My dreams, which, although never satisfying, help me to experience a shadow of the wonderful feelings and sensations of the past and to understand my present-day desires.
My opportunities, such as going to the Renaissance Faire, White Fence Farm, and Waterfall Glen.
My rare encounters with nature, such as seeing hundreds of fireflies like jewels in the woods at Waterfall Glen, watching two tiny and friendly rabbits grow into aloof adulthood, and lying with held breath as red admirals alighted fearlessly on my ankle and arm.
My health—several age-related issues, but oddly at some point in the past few years I've become so used to a certain level of pain that I don't remember life without it.

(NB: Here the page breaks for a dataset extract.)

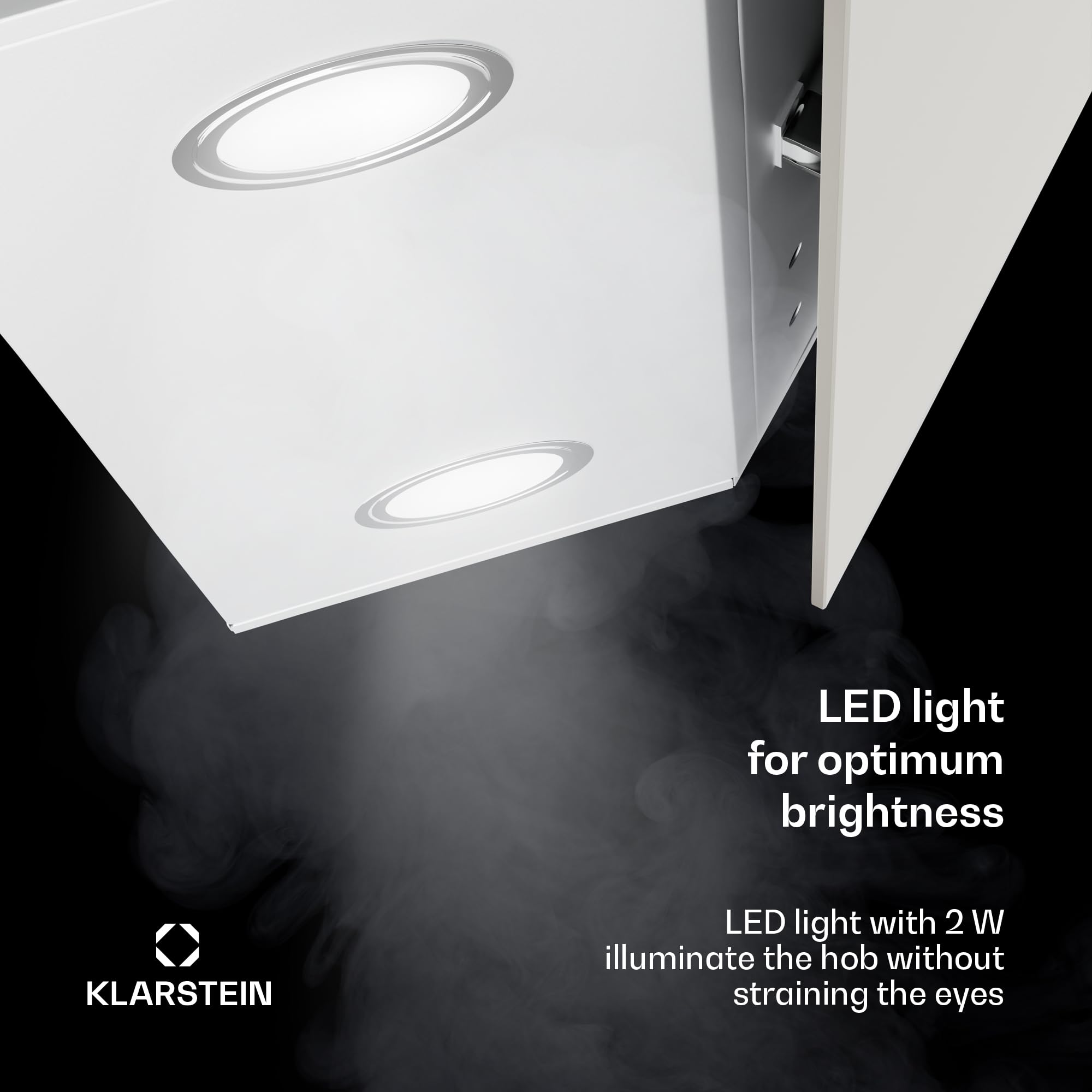 Klarstein Alina 90 Angled Cooker Hood - 600m³/h Air Flow, Touch Panel, LED Backlighting, Quiet 63dB, Energy Class A, 90cm Extractor Hood, Black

My employment means I'm self-supporting and can afford a few comforts.
Issues at work, the source of much stress. On the positive side, at least I have plumbed certain traits in myself, including a combination of idealism and grim determination. On the negative, I have a sense that this changes and lessens me somehow.
My fears and lack of will that keep me from finding or making bends in the road (from the Anne of Green Gables series). I must find resolve soon.
A lack of purpose that keeps me adrift in a day-to-day existence without meaning or joy.
Personal setbacks that have squeezed some, even much, of the meaning from life. It can become a downward spiral if I lose control, which is a constant possibility.
With all of the professional and personal problems killing me slowly, 2007 has been a year to forget. For now, I hope 2008 is a year to remember—for the best reasons.